Caloric restriction (CR) is defined as reducing calorie intake below energy demands without eliminating of essential nutrients [175,176,177]. CR has emerged as a popular approach to treating T2D and obesity. Extensive studies have reported the effectiveness of CR in regulating organokines (hepatokines, myokines, and adipokines), thereby ameliorating the pathophysiology of obesity and T2D. In patients with T2D, CR intervention for 12 weeks significantly down-regulated circulating fetuin-A concentrations, resulting in improved blood pressure, plasma glucose, visceral fat, and lipid profiles [178]. FGF21 is a fasting-induced hepatokine that is gaining attention as a metabolic regulator [52]. A methionine-restricted diet was shown to increase hepatic FGF21 [179]. In addition, in a preclinical study, Fgf21^-/- mice exhibited increased high-fat (HF) diet-induced inflammation in the WAT and the liver compared with that in wild-type (WT) mice, while a methionine-restricted diet reduced inflammation in an FGF21-dependent manner [180]. This suggests that the methionine-restricted diet restored endogenous FGF21 and protected against HF diet-induced inflammation in the WAT and liver. Likewise, it was demonstrated that a leucine-deprived diet markedly reduced body weight and induced browning in WAT by increasing hepatic FGF21 gene expression in mice [181]. Despite these beneficial effects of methionine and leucine-restricted diets, prolonging one essential amino acid-deficient diet can jeopardize the animal’s health [182,183]. Methionine has been reported to be crucial for normal metabolic processes [184] and immunity, such as T-cell activation and differentiation [185,186]. Recent studies showed that methionine restriction aggravated tumor progression by repressing T-cell activation [187] and impaired the protein synthesis of translation-initiation machinery and antioxidant enzymes in mice [188]. Furthermore, long-term leucine deprivation led to dramatic weight loss, dysregulation of energy homeostasis, and increased prenatal and neonatal mortalities in mice [182,183]. These studies suggest the importance of seeking the optimal amount of dietary amino acids and an experimental period that can faithfully reproduce the beneficial metabolic effects of methionine and leucine-restricted diets. It is also necessary to consider other factors, such as disease state, to drive the therapeutic benefits of methionine and leucine-restricted diets.

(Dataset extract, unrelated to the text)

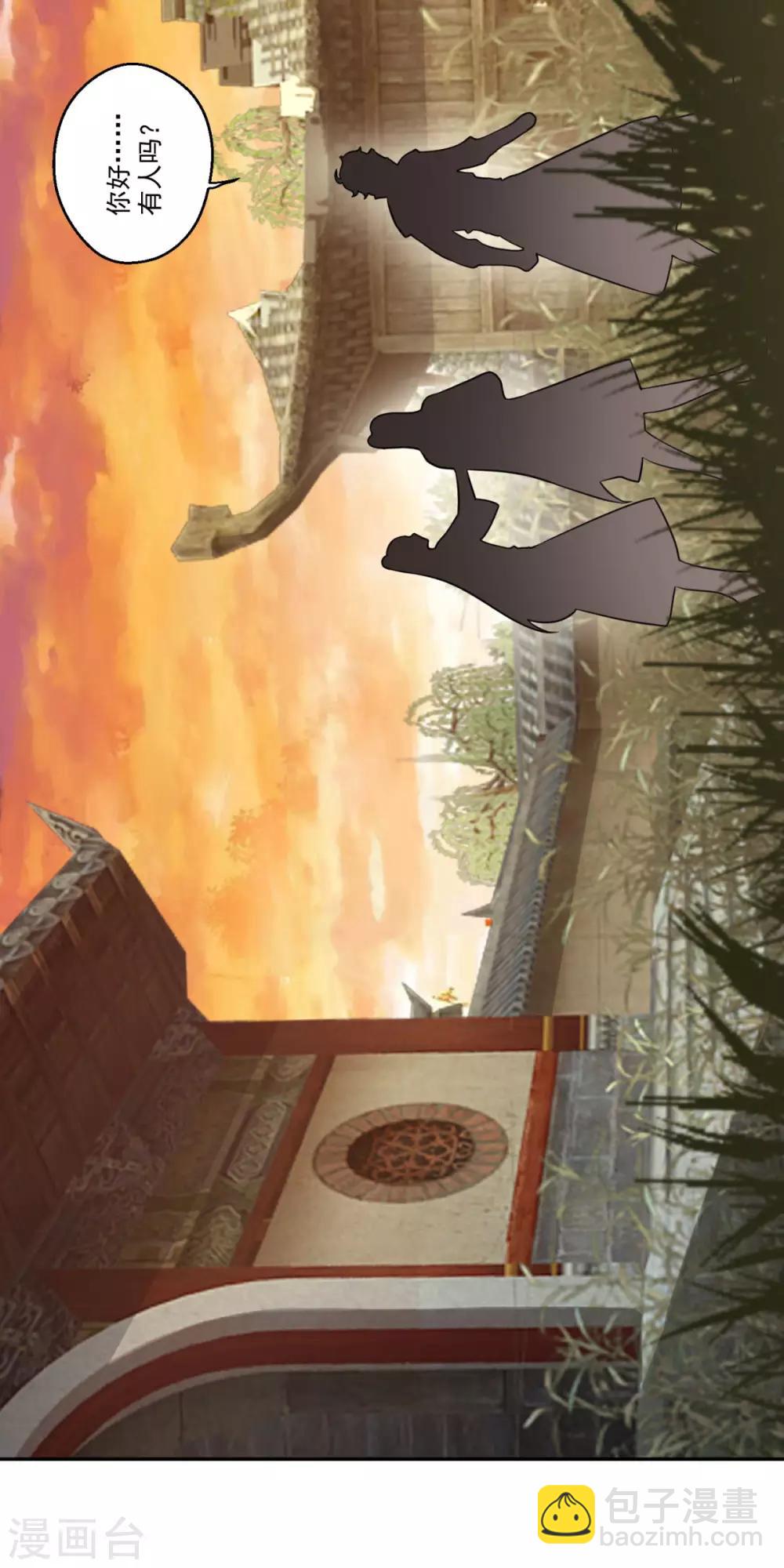 🍚仙魔同修 第161话 小舟村 第23页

Moreover, information from nutritional studies has indicated that CR can improve organokines in relation to inflammation. Other studies showed that circulating levels of amyloid A protein, interferon-gamma (IFN-γ), interleukin-6 (IL-6), tumor necrosis factor alpha (TNF-α), and C-reactive protein (CRP) were prominently reduced in patients with obesity by CR [189,190]. Notably, a randomized controlled trial of CR showed that CR significantly enhanced T-cell proliferation (TP) and prostaglandin E2 production [191] while reducing serum CRP levels [192] compared with the levels before CR. These results indicate that CR potentially affects pro-inflammation marker reduction and enhances innate immunity. There are several underlying molecular mechanisms by which CR reduces the inflammatory response. First, CR increases adiponectin, which may affect down-regulates phosphatidylinositol 3-kinase (PI3K)/NF-κB pathways and inhibit the NLRP3 inflammasome [193,194,195]. A CR-mediated increase in adiponectin can also inhibit macrophage differentiation and induce macrophage polarization from the M1 to M2 state [196,197,198]. Moreover, CR increases circulating ketone bodies such as β-hydroxybutyrate (BHB), which is known to block NLRP3 inflammasome-mediated inflammatory responses [199,200].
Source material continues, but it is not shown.